Bölüm 5: Bilinmeyen Adam

2.1K 233 124
                                    

Kai Lane

Kai ve diğerleri eve vardığında herkes çok yorulmuştu. Kai hiç konuşmadan odasına girdi ve kendini yatağa attı. Bir süre tavana baktıktan sonra ise annesinden aldığı dersler sayesinde terlik ile lambayı kapattı. Bu yetenek ziyan edilmemeliydi. Ne yazık ki anne olamazdı. 

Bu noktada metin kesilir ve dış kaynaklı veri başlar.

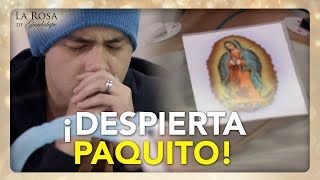 Pedro promete dejar el vicio para que Paquito despierte del coma | LOS CHOCOHONGOS 4/4 | LRDG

Kai yatağa girmişti ama yatamayınca bunun ne anlamı vardı ki? Yatakta bir oraya bir öbür yana dönüp durdu. Sonunda telefonu aldı ve şarkı açıp kulaklığı taktı. Şarkı başlamadan bir iki dakika konuşmaları gerekiyordu Kai da şarkıyı ilerletme ile uğraşmak istemedi ve bekledi. Saçma sapan bir konuşmayı dinlemekle meşgul olmuştu. 

Yatakta şarkının konuşma kısmının bitmesini beklerken kapı açıldı ve Kai'ın tahminince içeri Sam girdi. Yine oflaya oflaya konuşmaya başlamıştı.

"Acaba..... Beni seviyor mu?...... Yoksa sevmiyor mu?...... Seviyor olabilir mi? Belki de...... Lezbiyen olabilir mi? Hayır! Bu olamaz! Nerden aklıma geldi bu!? Ahh!!" 

Kai kendini gülmemek için zorlukla tutarken içten içe Sam'e acıdı. 

Kai aslında Sam'i daha fazla dinlemek istiyordu fakat o sırada şarkı başladı. Kai üzgün bir yüz ifadesi takımdı ama bir şey yapmadı. Çünkü yapamazdı. Eğer şarkıyı durdurursa Sam fark ederdi. 

Kai kısa bir süre sonra yattı. 

***

Kai yine saatlerce rüya gördü ama büyük ihtimalle uyandıktan yarım saat sonra hepsini unutacaktı. Ama bu sefer ki rüyası farklıydı. Sanki gerçekti. Sanki gerçekten orada o şeyi yapıyordu. Sanki gerçekten o adamın kafasını koparıyordu! 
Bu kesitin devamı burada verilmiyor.